盐析白兔

这个屌丝很懒，什么也没留下！

热门标签

机器学习-时间序列的特征工程_时间序列输入矩阵有冗余

作者：盐析白兔 | 2024-02-18 07:58:16

踩

时间序列输入矩阵有冗余

写在前面：为什么要做这个报告？

从上面的比较发现，主流的时序处理方法，都有其局限性：

可解释性强的方法不够灵活
- 如ARIMA需要做平稳性检验以及满足其他假设条件
- 基本只能单变量，不能使用如领先指标
效果上限高的的如神经网络和Boosting方法对数据量需求大，且可解释性差

有没有一种既灵活、解释性又强、数据需求可大可小的方法？

简单模型 + 特征工程

In [1]:

import pandas as pd
import numpy as np
import matplotlib.pyplot as plt
import seaborn as sns  # more plots
from dateutil.relativedelta import relativedelta  # working with dates with style
from scipy.optimize import minimize  # for function minimization
import lightgbm as lgb
import xgboost as xgb
from sklearn.model_selection import train_test_split
from sklearn.preprocessing import StandardScaler
from sklearn.preprocessing import MinMaxScaler
from sklearn.model_selection import TimeSeriesSplit
from sklearn.linear_model import LinearRegression
from sklearn.model_selection import cross_val_score
from sklearn.linear_model import Ridge,Lasso
from hyperopt import Trials, STATUS_OK, tpe, hp, fmin
# 忽略warnings
import warnings
warnings.filterwarnings("ignore")

定义常用模板函数

In [2]:

def mean_absolute_percentage_error(y_true, y_pred):
    return np.mean(np.abs((y_true - y_pred) / y_true)) * 100


def plotModelResults(model, X_train, X_test, y_train, y_test, plot_intervals=False, plot_anomalies=False, subtitle=""):
    """
 Plots modelled vs fact values, prediction intervals and anomalies

 """

    prediction = model.predict(X_test)

    plt.figure(figsize=(15, 7))
    plt.plot(y_test.index, prediction, "g", label="prediction", linewidth=2.0)
    plt.plot(y_test.index, y_test.values, label="actual", linewidth=2.0)

    if plot_intervals:
        tscv = TimeSeriesSplit(n_splits=3)
        # for train, test in tscv.split(y_train):
        # model.fit(X_train[train],y_train[train])
        # B = pd.DataFrame(y_train[test])
        # B['pred'] = model.predict(X_train[test])
        # score = model.score(X_train[test],y_train[test])
        # print(score)

        cv = cross_val_score(model, X_train, y_train,
                             cv=tscv,
                             scoring="neg_mean_absolute_error")
        mae = cv.mean() * (-1)
        deviation = cv.std()

        scale = 1.96
        lower = prediction - (mae + scale * deviation)
        upper = prediction + (mae + scale * deviation)

        plt.plot(y_test.index, lower, "r--", label="upper bond / lower bond", alpha=0.5)
        plt.plot(y_test.index, upper, "r--", alpha=0.5)

        if plot_anomalies:
            anomalies = np.array([np.NaN] * len(y_test))
            anomalies[y_test < lower] = y_test[y_test < lower]
            anomalies[y_test > upper] = y_test[y_test > upper]
            plt.plot(y_test.index, anomalies, "o", markersize=10, label="Anomalies")

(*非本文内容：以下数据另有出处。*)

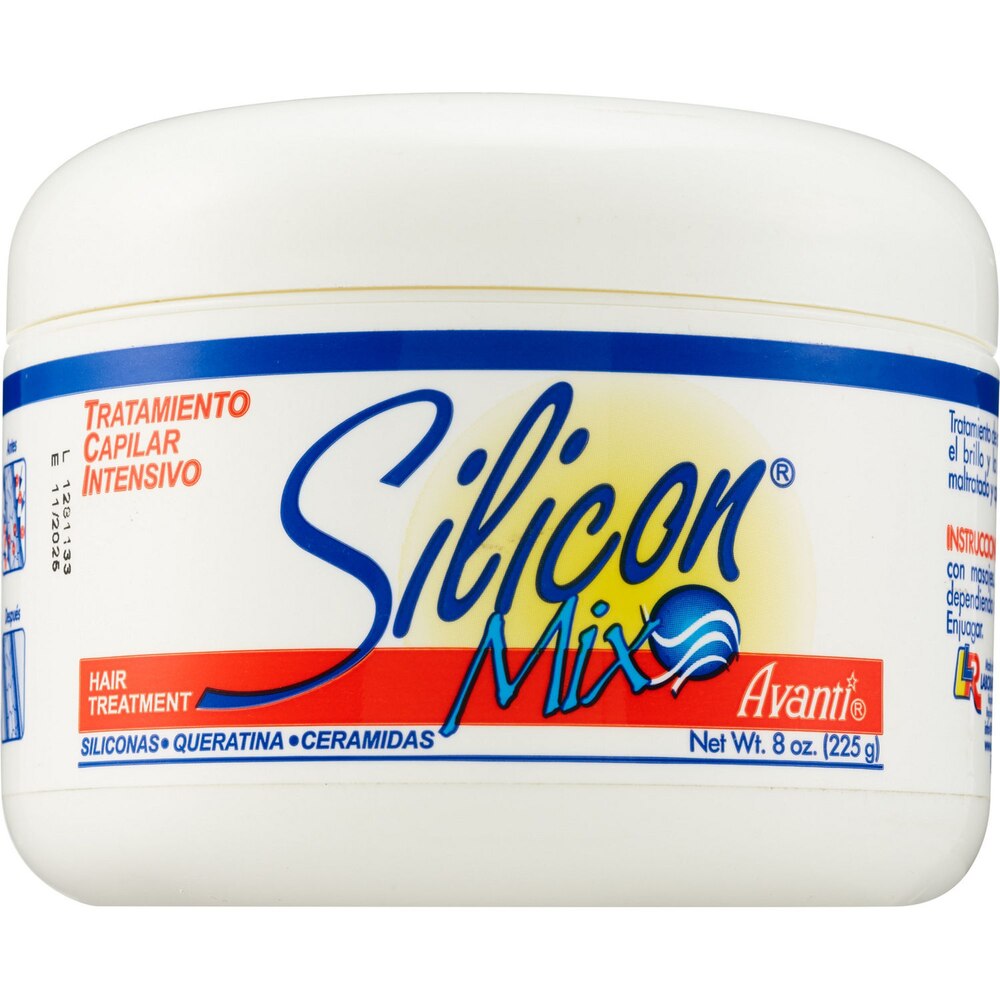 Silicon Mix Hair Treatment - 8 oz - Elevate Styles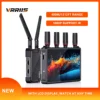 HDMI 무선 전송 시스템 비디오 송신기 및 수신기(카메라 라이브 스트리밍 노트북-TV 모니터용 LCD 화면 포함) 1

    error = mean_absolute_percentage_error(prediction, y_test)
    plt.title((subtitle+"Mean absolute percentage error {0:.2f}%").format(error))
    plt.legend(loc="best")
    plt.tight_layout()
    plt.grid(True)
    plt.show()


def plotModelBoostingResults(model1, model2, X_test, y_test):
    """
 Plots modelled vs fact values, prediction intervals and anomalies

 """

    prediction1 = model1.predict(X_test)
    prediction2 = model2.predict(X_test)
    prediction = prediction1 + prediction2

    plt.figure(figsize=(15, 7))
    plt.plot(y_test.index, prediction, "g", label="prediction", linewidth=2.0)
    plt.plot(y_test.index, y_test.values, label="actual", linewidth=2.0)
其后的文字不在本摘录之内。